No podemos aplicar otra medida a nuestra vida ni debemos exigir a otros el crecimiento hacia otra medida que no sea la de la estatura de Jesús.
Si enseñamos a otros a crecer en Jesús será porque nosotros también estamos creciendo. Y si juzgamos el crecimiento de otros, aprobando o desaprobando, tengamos en cuenta el aplicarnos a nosotros mismos los criterios con los que vamos a aprobar o desaprobar el crecimiento de los demás. Si señalamos sus faltas a otros es porque nosotros ya nos hemos limpiados de esa suciedad y ahora nos disponemos a hacer misericordia recordando que si queremos seguir firmes miremos con atención no caer nosotros mismos.

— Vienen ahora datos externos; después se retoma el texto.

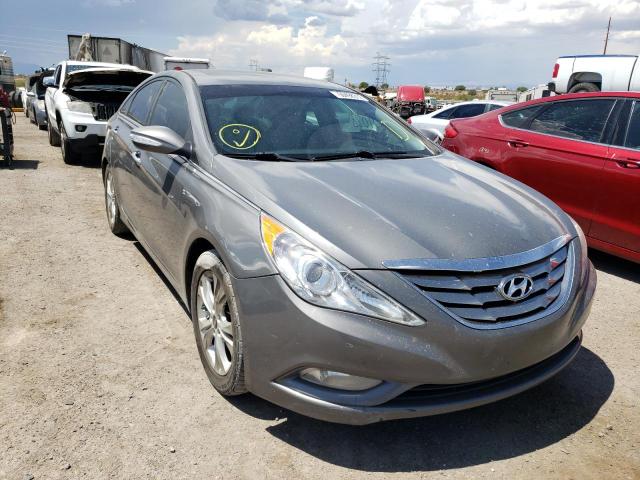 HYUNDAI SONATA SE 2013 5npec4ac3dh546913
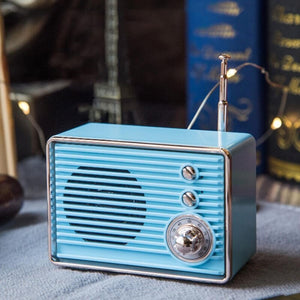 Mini Bluetooth Radio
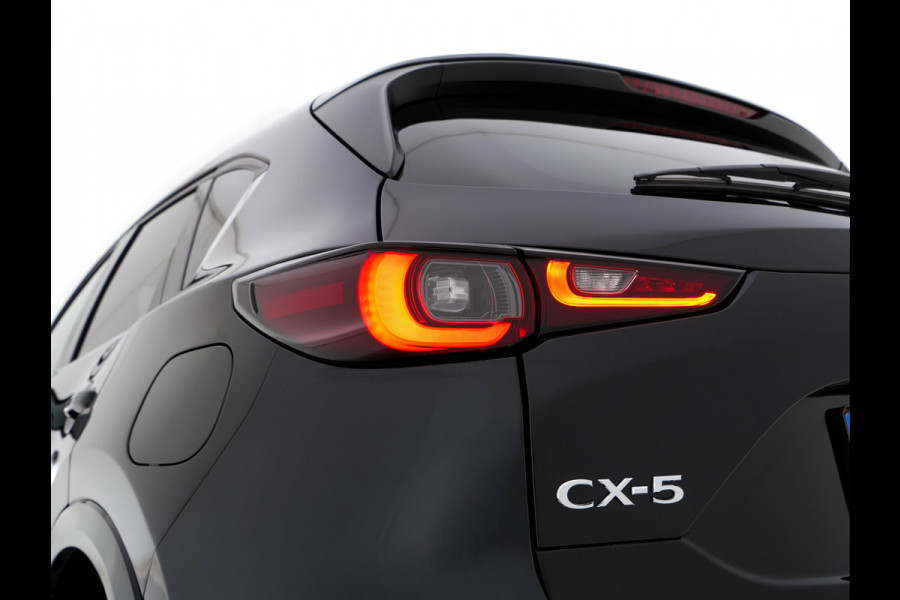 Mazda CX-5 2.0 SkyActiv-G 165 Homura-Pack (INCL-BTW) *LEATHER-MICROFIBRE | BOSE-SOUNDSYSTEM | FULL-LED | ADAPTIVE-CRUISE | MEMORY-PACK |  HEAD-UP | KEYLESS | TOP-VIEW | BLINDSPOT | HEATED-COMFORTSEATS | NAVI-FULLMAP | ....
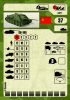 Zvezda 6211 Soviet Self-Propelled Gun SU-100 1/100 harckocsi makett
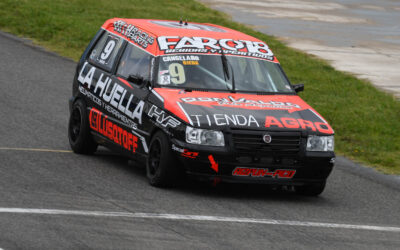 Turismo Pista: Miguel Cangelaro gano todo en Olavarria y obtuvo el titulo en la clase 1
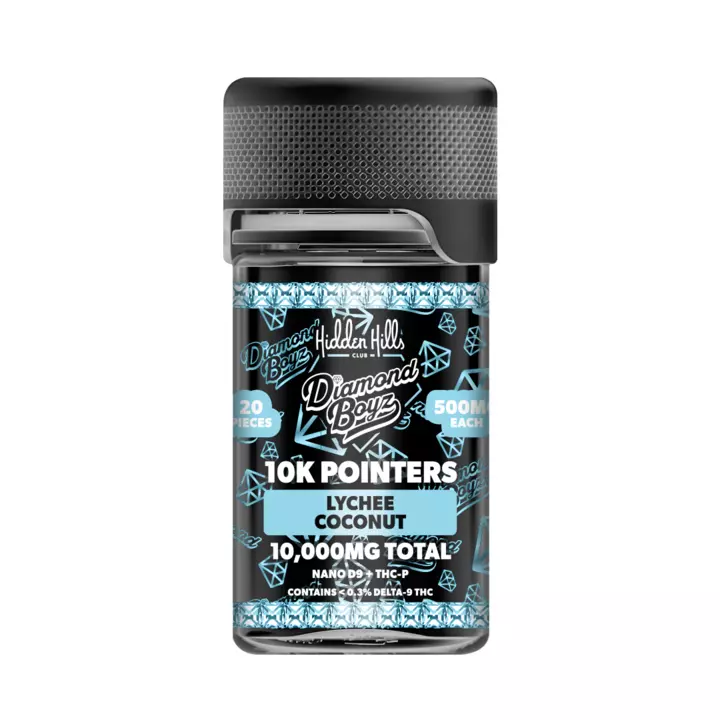 Lychee Coconut💎Diamond Boyz Collab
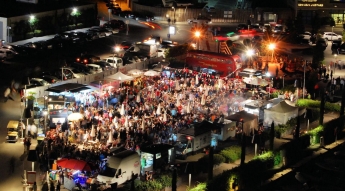 The Food Trucks Club: una forma de hacer dinero llevando la cocina a las calles de España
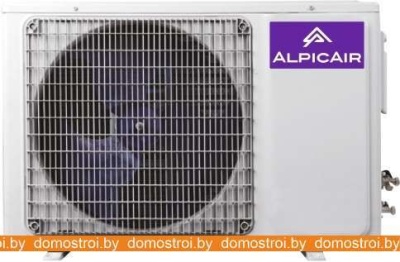 Кондиционер AlpicAir ACI/AOU-71AHPDC1A фотография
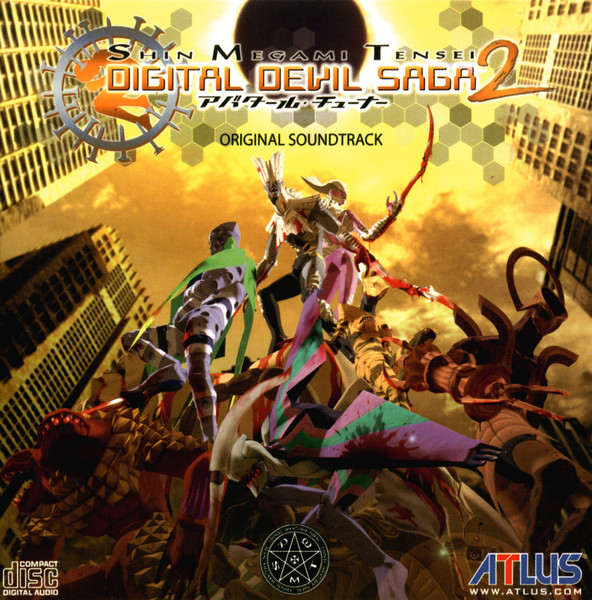 Shoji Meguro – Shin Megami Tensei: Digital Devil Saga 2 (2005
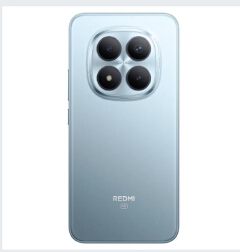 XIAOMI Redmi Note 15 Pro Plus 5G 512GB+12GB 3D-Curved AMOLED Display 6.83" 120Hz (200+8)MP Camera 6500mAh Battery 100W Hyper-Charge Under-Display Fingerprint Redmi Note 15 Pro+ 5G Smartphone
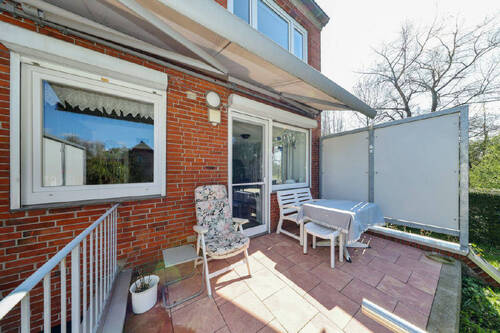 Traumhafte Terrasse... - 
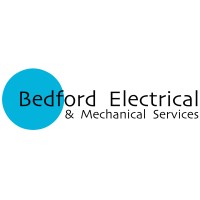 Bedford Electrical & Mechanical Services Logo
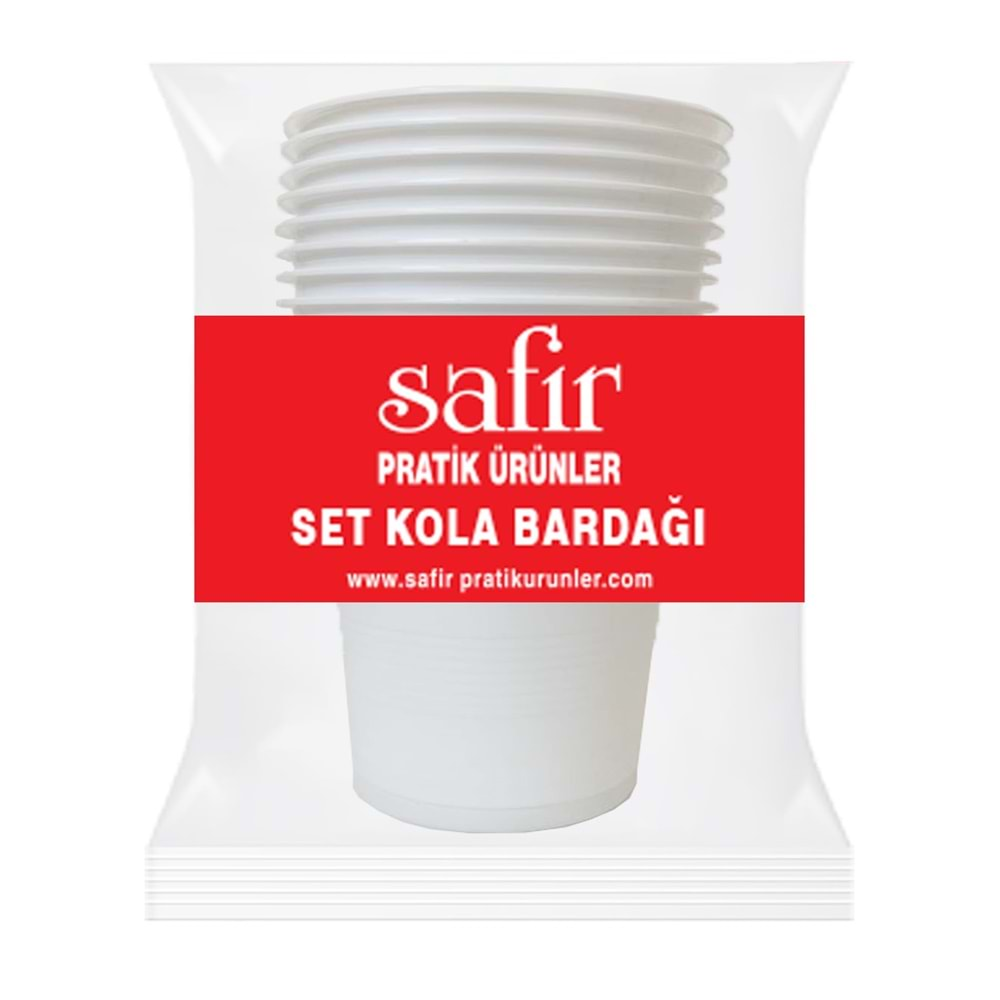 0744 SAFİR SET KOLA BARDAK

Más bien usemos nuestro crecimiento para bendecir y no para juzgar. Usemos el fruto que da nuestro esfuerzo para enseñar a otros a esforzarse de tal manera que den fruto.
Usemos las superaciones de nuestros obstáculos para enseñar a otros a superar los suyos. Usemos las victorias en nuestras debilidades para ayudar a otros a vencer. No excluyamos, perdonemos, y ayudemos, porque entonces estamos calificando para recibir, Lucas 6:37,38.